By Judi Mason
Please note: I cannot speak and do not proclaim to speak for every woman. However, I know quite a few women and have heard the concerns of many, so I speak on behalf of them as a collective group. Please hear their voices in this article.
Men, we as women need you! Please know that relationships are not about us being right and you being wrong. They’re not about us being super independent and we not needing you. They’re not about a woman doing better than a man financially, emotionally or spiritually. It is not about any of that superficial nonsense. A REAL relationship is about what happens when the two forces known as male and female come together on an equal plane and explores what true love is; what genuine friendship is and what a real partnership looks like. At the end of the day, that is what a relationship is about.
One of the biggest misunderstanding and major problem in relationships is the independent woman theory; where women are viewed as not needing a man because they take care of everything for themselves. Yes a woman is independent but we are independent because we have to be, we are single. If we don’t work, pay the bills, shop, etc., who will?
Unlike a marriage, where the couple is dependent on each other, we are independent out of a necessity. It comes with the territory. Our independence does not mean that we emasculate your manhood. Our independence means that we are not lazy, trifling women, waiting to be rescued. We are women doing what needs to be done. And we are handling our business. Don’t let our independence fool you. Please know that we want you and more importantly, we need you.
According to the world system (media, statistics, individual opinions and public perception), the only reason a woman needs a man is for moving large objects and/or a sexual fix. Let me set the record straight: That is a LIE! That is NOT what we need you for. We need and desire you for so many reasons, some being:
- The companionship you bring
- The authority you possess
- The strength you nurture us with
- Your vulnerability that says you need us
- Your boyish charm.
- Your take charge demeanor
- Your ability to make us feel like we are the only woman on earth
- Your wisdom and the different perspective you bring
- The way you make me a better me because of you.
- The wonderful us that we become when we are together
- Your stern correctness, that helps us get back on the right path when we have strayed
- Your accountability
- Your partnership
- Your friendship
- Your love
Bottom line: WE NEED YOU! And YOU NEED US too! With that being the case, what are we doing? Some people have let this world system and the foolish lies that there is a 50 to 1 female to male ratio, due to the lack of good men, hoodwink a lot of them into acting like fools gone wild.
Dignity, respect, morals and character have fallen by the wayside. And for what? People are doing more now than ever in order to obtain a “false sense of companionship’ or the “semblance of a relationship.” And where has it gotten them?
Nowhere.
There are more lonely, miserable, dissatisfied, angry, bitter people than ever before. All because of the deception of false hype – don’t believe the lie. There are a lot of GREAT men and women desiring and looking for love. And real love is attainable. However, some things need to be put in order.

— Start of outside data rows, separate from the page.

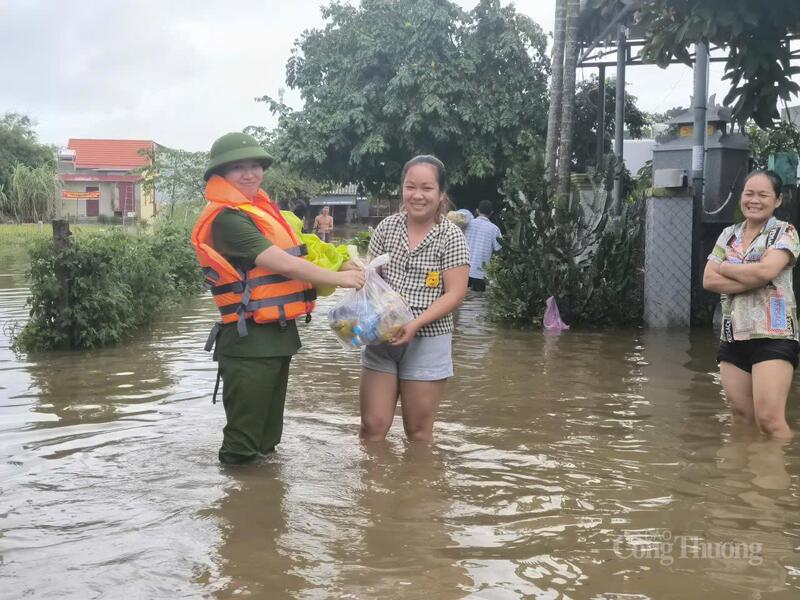 Ngoài 1.700 suất quà trên, trong những ngày qua, tuổi trẻ công an Đà Nẵng đã trao gần 1.000 túi an sinh đến các điểm tập kết để tiếp tế cho bà con vùng ngập lụt tại các xã Duy Xuyên, Đại Lộc, Hà Nha; trao hơn 2.000 túi quà tiếp tế cho bà con xã Điện Bàn Đông, Bệnh viện Đa khoa Quảng Nam và hơn 2.000 túi ở các xã, phường khác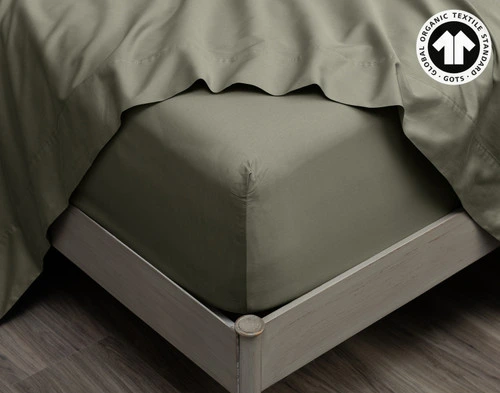 Close-up on the corner of our Organic Cotton Fitted Sheet in Alligator wrapped around a mattress.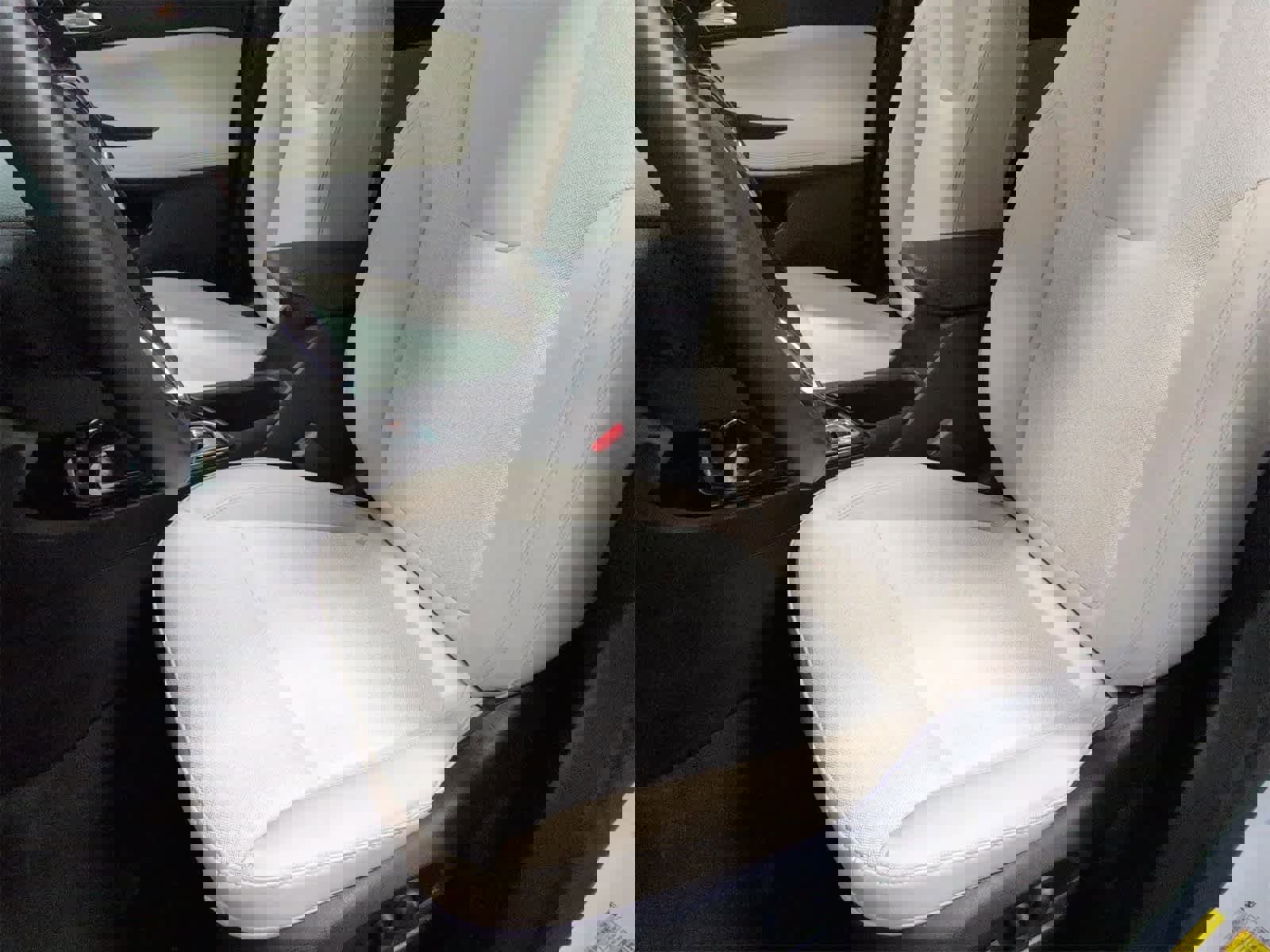 Used 2025 Buick Encore GX Preferred w/ Comfort Package image 17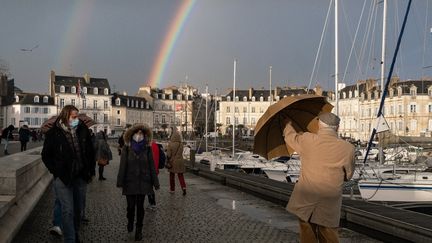 Des promeneurs sous la pluie à Vannes (Morbihan), le 29 décembre 2020. (VALENTINO BELLONI / HANS LUCAS / AFP)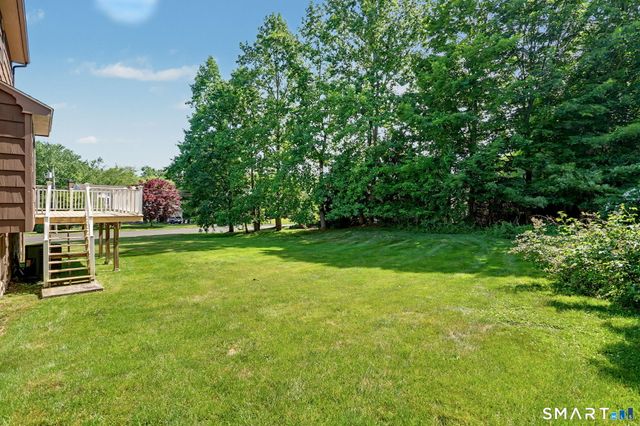 15 Wedgewood Road, Trumbull, CT 06611
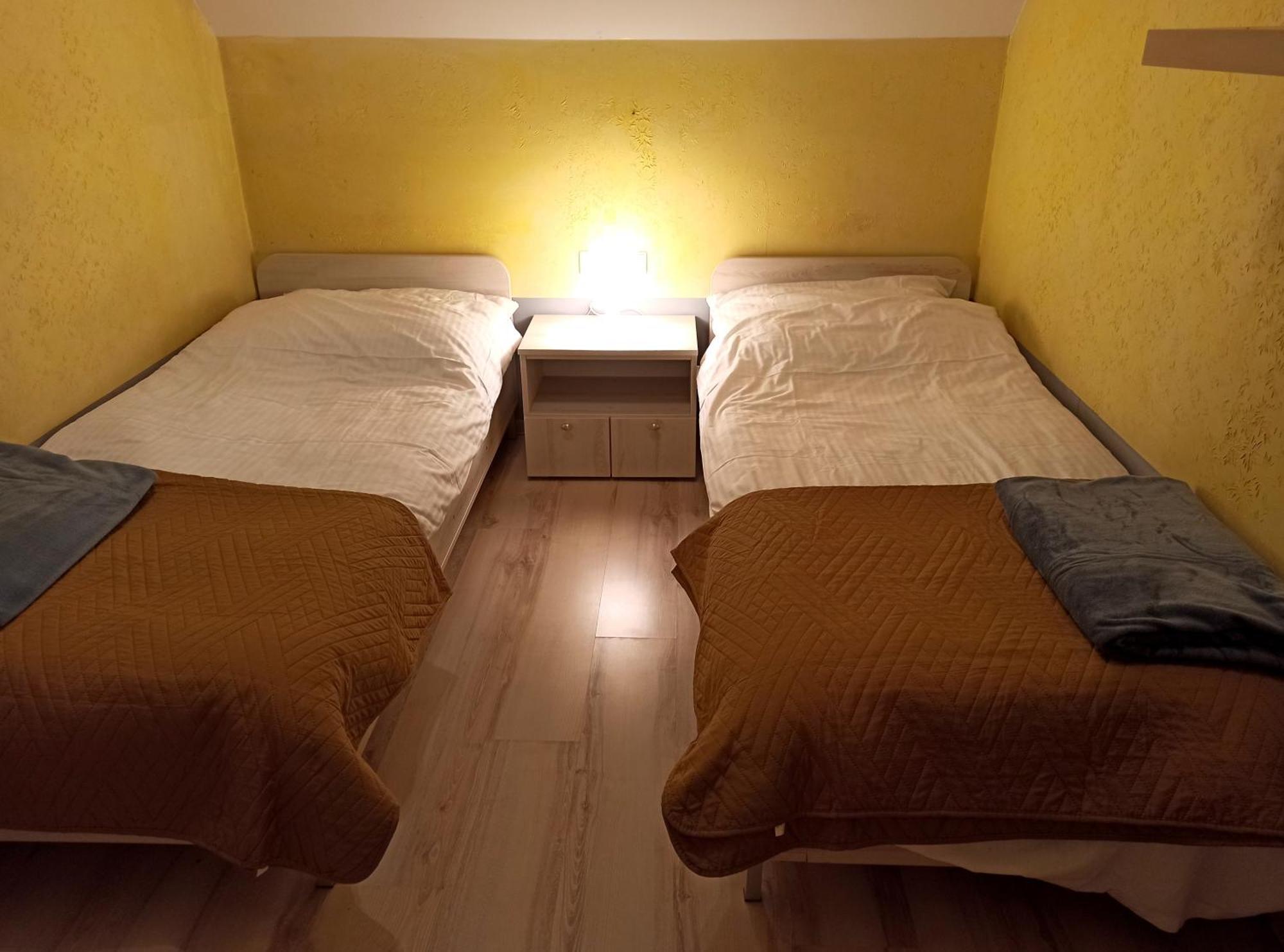 Apartaments Gory Niedzica Zamek Bagian luar foto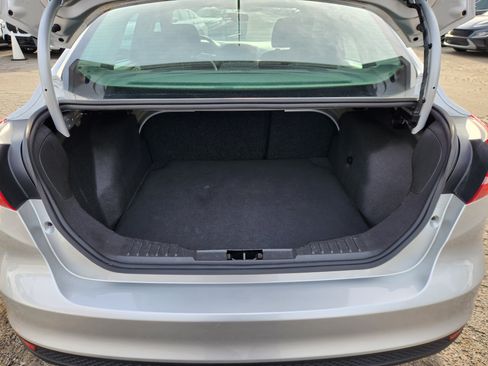 Used 2018 Ford Focus SE image 18
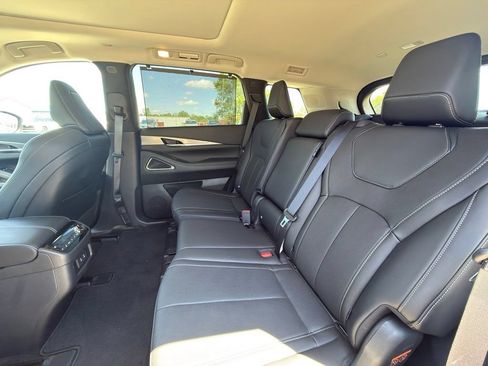 Certified 2026 INFINITI QX60 Luxe w/ Cargo Package AWD/4WD image 17
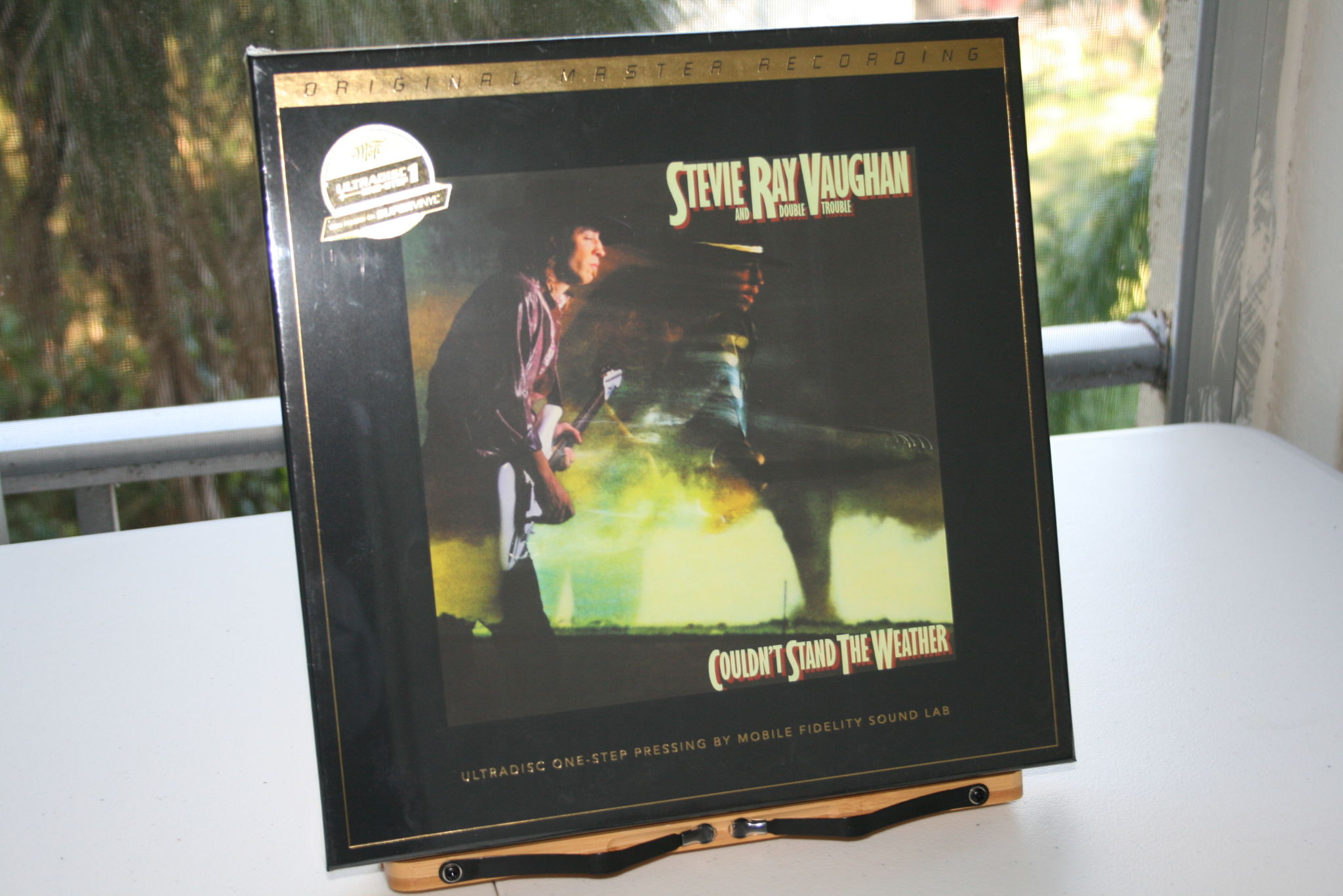 Stevie Ray Vaughan- Couldn't Stand The Weather-MOFI Ult...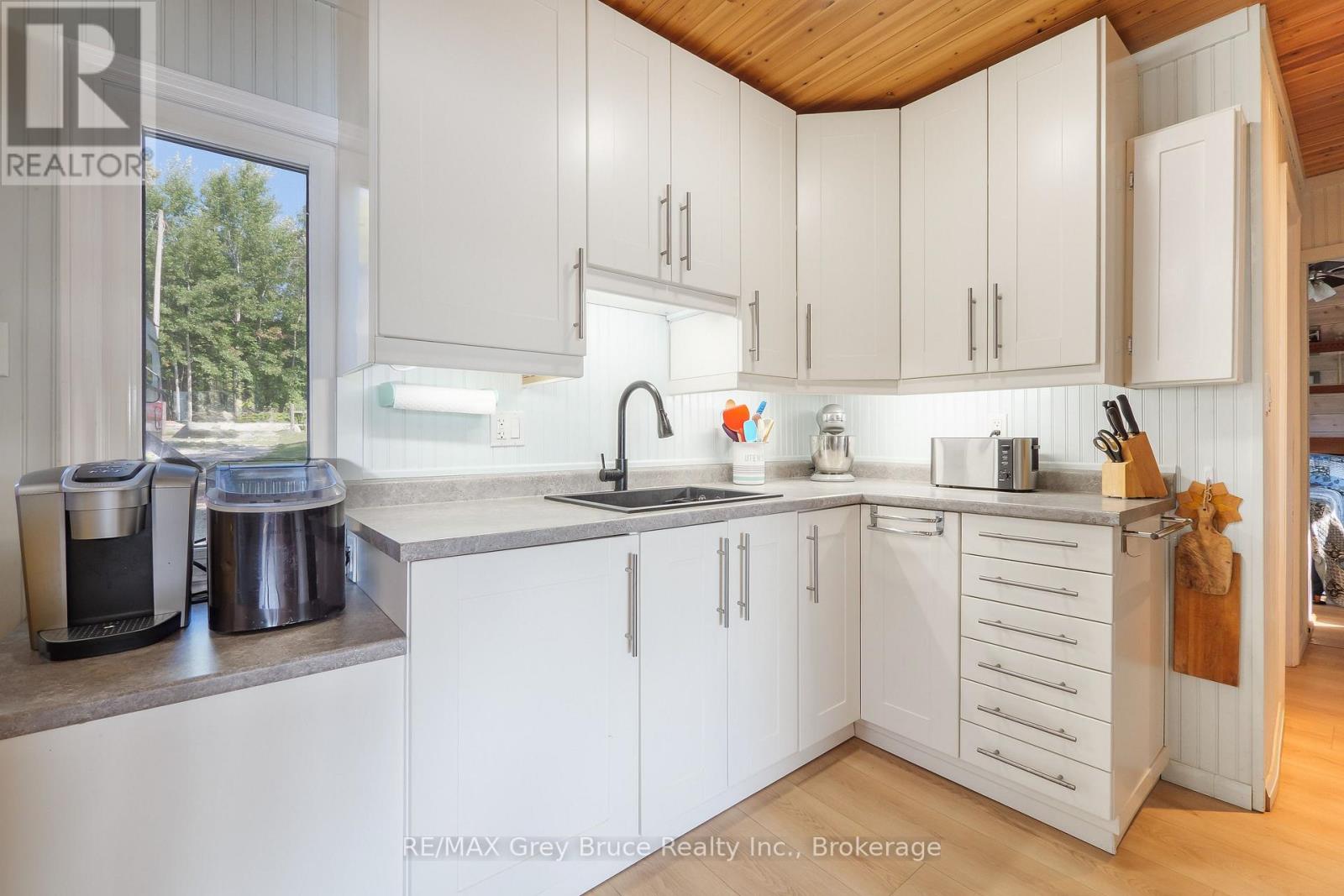 38 Maple Drive, South Bruce Peninsula, Ontario N0H 1A0 - Photo 9 - X13720234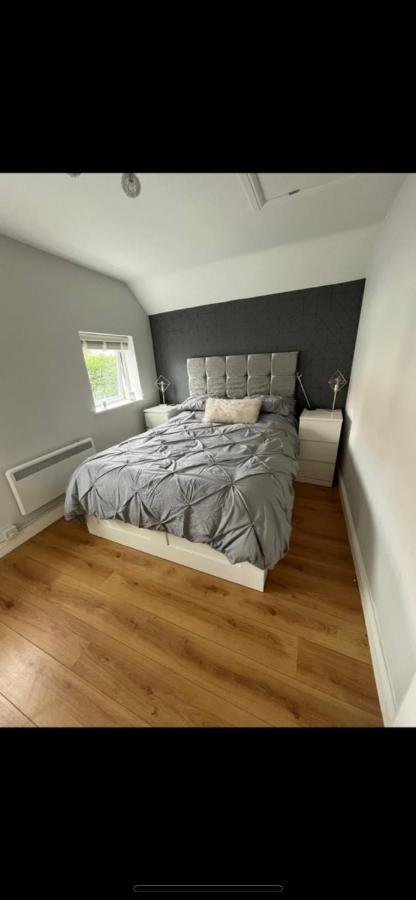 One Bedroom Apartment In The Centre Of Λαντούντνο Εξωτερικό φωτογραφία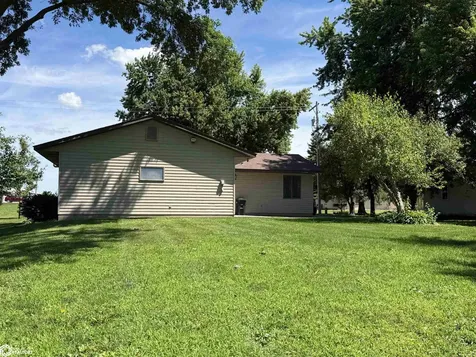 415 E Railroad Street Wayland IA 52654
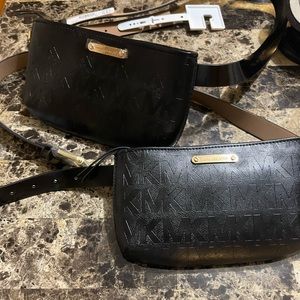 Women’s Michael Kors Black Belt Purse (L/XL)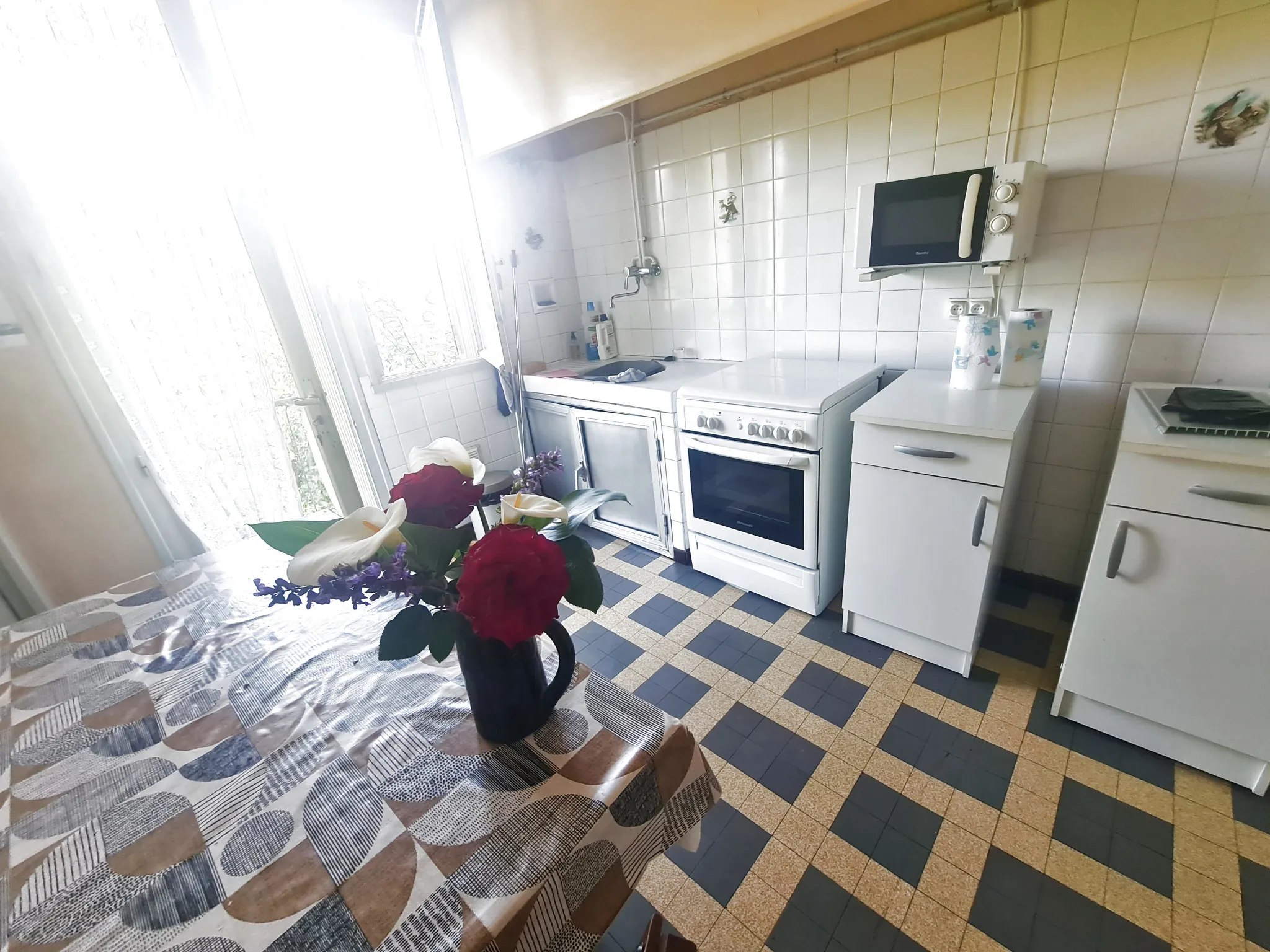 Maison de plain-pied à vendre avec garage et jardin à Saint-Sulpice-sur-Léze 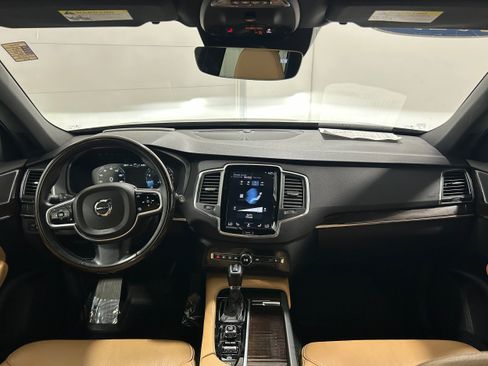 Used 2019 Volvo XC90 T6 Momentum w/ Advanced Package AWD/4WD image 13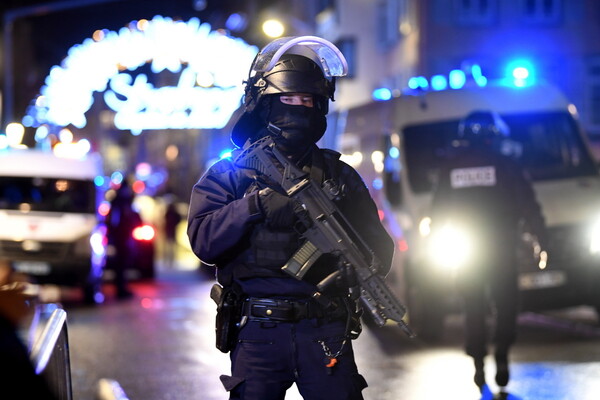 Στρασβούργο: Τρεις νεκροί, δώδεκα τραυματίες και ακόμη ελεύθερος ο δράστης της επίθεσης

Attention men and women: Can the relationship games, manipulation, drama, confusion and lying PLEASE come to an end? Aren’t you tired of that? Don’t you want more?
Starting today, decide to want more from your relationships. Make a conscientious effort to make better choices in choosing your mate. Realize that “your type” might not be right for you. The prettiest, best looking, finest, best dressed, athlete or model may not always be the one for you. Stop choosing based on the surface and start choosing based on your true heart’s desire. Choose the one you need and the one that is right for you. I guarantee, you will be much happier.
My prayer is that God brings the right person into your life. The one that was meant just for you!
BMWK, Are you ready to stop playing games and get serious for love?
Judi Mason is an Empowerment Strategist, whose mission is to empower You to become your best authentic self. As an accomplished author, Judi has garnered much success with her self-help books and workshops; including her popular Girl Talk: Relationship 101 events- which was birthed from her best-selling book, The Relationship Chronicles- Real Love, Straight Talk No Drama. As a sought after speaker, Judi uses multiple platforms from the marketplace to ministry; to enable individuals to pursue and fulfill their God ordained purpose with passion, in life, love and entrepreneurship.


Amen!
Thanks Finally and JoJo. I am glad you enjoyed the article.- Judi
This article was superb. I have been single since November 2014 and started to think, dang am I becoming too independent?! I realize now, after reading this, that towards the end of my five year relationship I started feeling like I was only calling on my mate to do the lifting and the fixing and at times just to have sex but it was because he was not bringing what I needed to the table, not because I did not desire more of him. I feel inspired. I feel revitalized after reading this article. There is hope now! Thanks!